With some vacation time around the river bend...hoping to expand my stream fishing locations. Looking on a map the Lake Fork of Mohican River at Mohicanville Dam and the Walhonding River at Mohawk look promising. Any advice or past experiences would be greatly appreciated. 

Back in Northeastern Ohio, I often fish spillways year round below...Dover Dam, Atwood Dam, Beach City Dam and Bolivar Dam with much success and a mixed bag of gamefish.

What can I expect of these two promising locations???

*Ohio Kingfisher...I Cast in Current*


----------



## foundationfisher (May 12, 2008)

i've fished mohawk dam quite a bit. unfortunatly i haven't been able to make it this year yet. it's got anything you want to catch. one of my favorite spots.


----------



## Mushijobah (May 4, 2004)

Smallmouth, Pike, maybe a bonus eye?
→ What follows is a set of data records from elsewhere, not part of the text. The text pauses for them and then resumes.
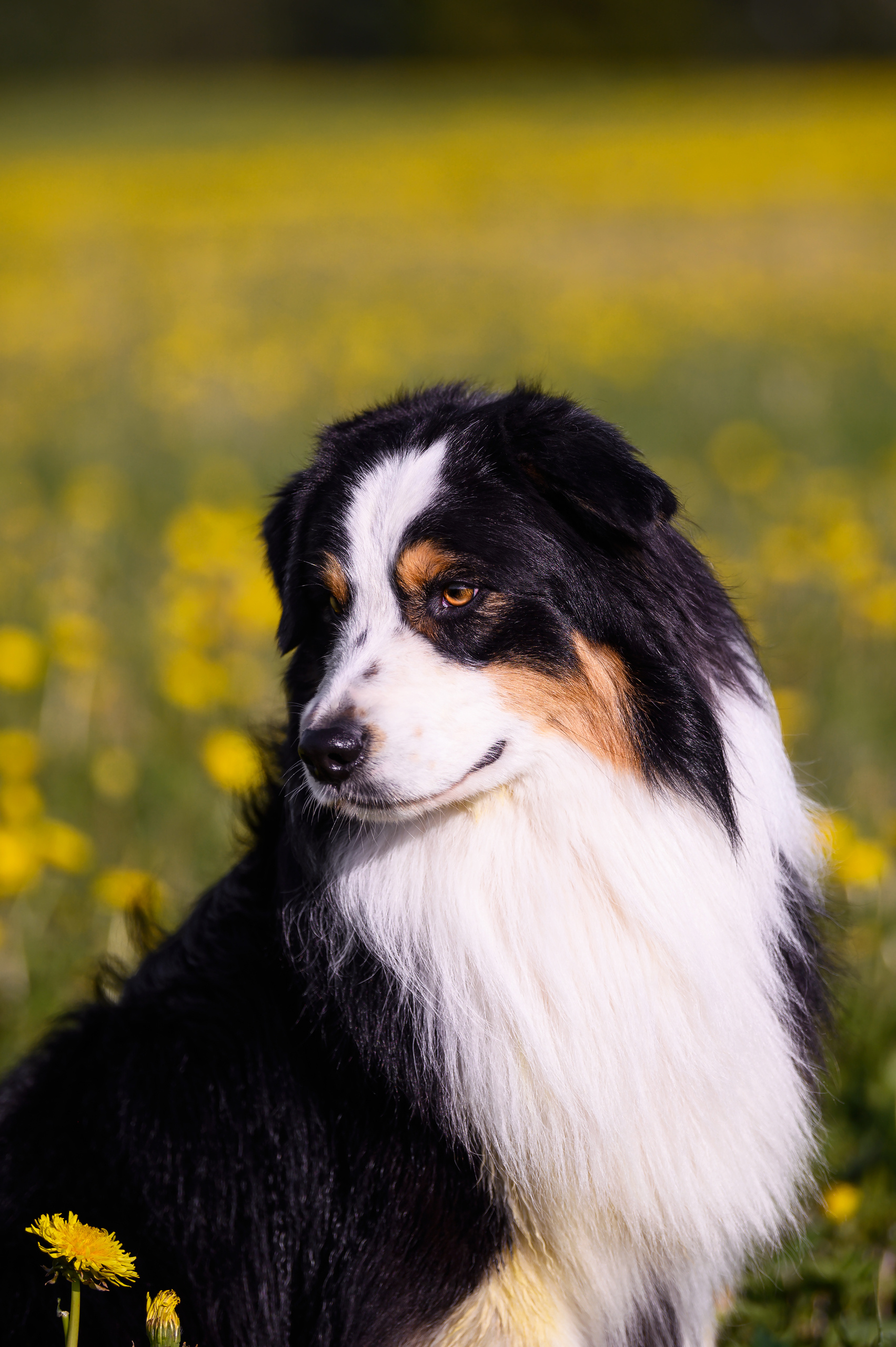 ШЕЛДОН. Питомник австралийских овчарок «APPLEDORE»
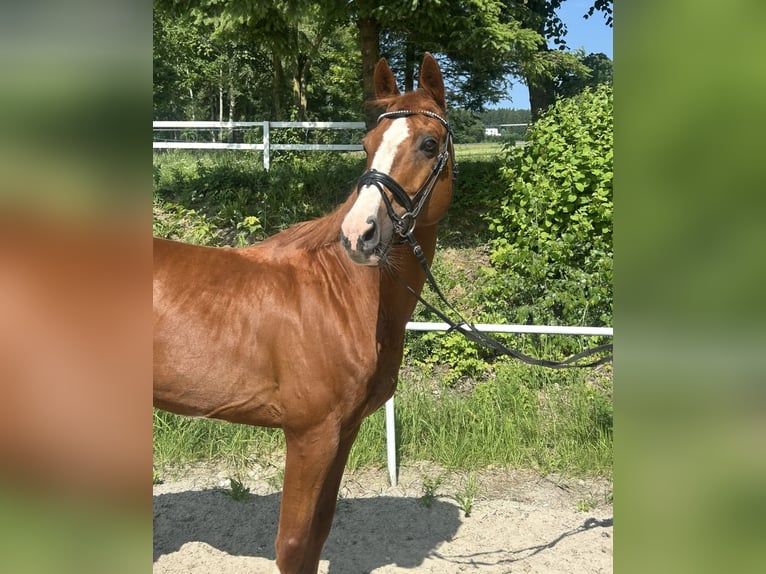 Deutsches Sportpferd Wallach 13 Jahre 162 cm Fuchs in Pelmberg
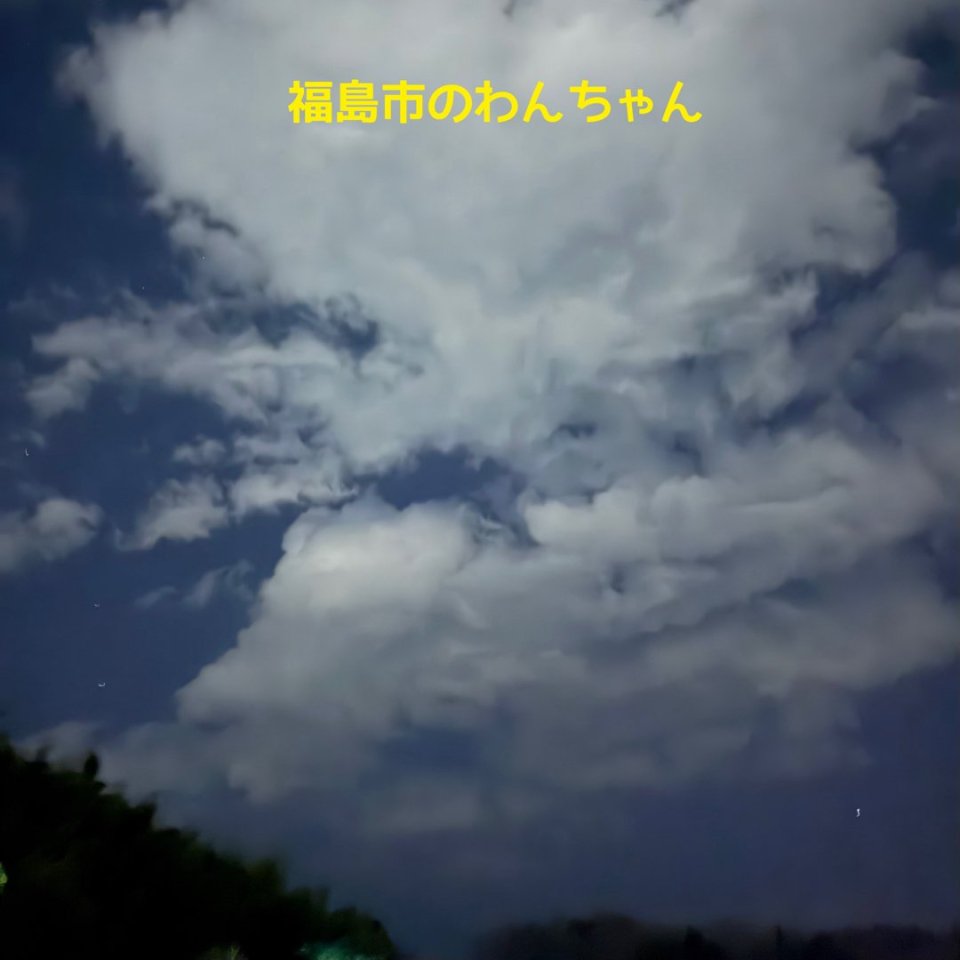 福島ペット訪問火葬 一縁(いちえん) | 葬儀・出張・供養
You never know in that river!


----------



## Bubbagon (Mar 8, 2010)

Below the dam, on the Walhonding River, you will definately get into some pike. I bet we average 3 a piece when we go, and we're targeting smallies.


----------



## Ohio Kingfisher (Oct 23, 2010)

How-Do Friends

Many thanks for all of the input and advice...much appreciated. Looking forward to expanding my stream fishing territory. Excited to hear about smallmouth bass and northern pike...any chance for saugeye or flathead catfish??

*Ohio Kingfisher...I Cast in Current*


----------



## Bluegillin' (Jan 28, 2009)

Kingfisher,

There are saugeye in the Walhonding. I am sure that there are a few flatheads in there as well. I used to catch some decent channel cats in there too. Definitely a good river to float.


----------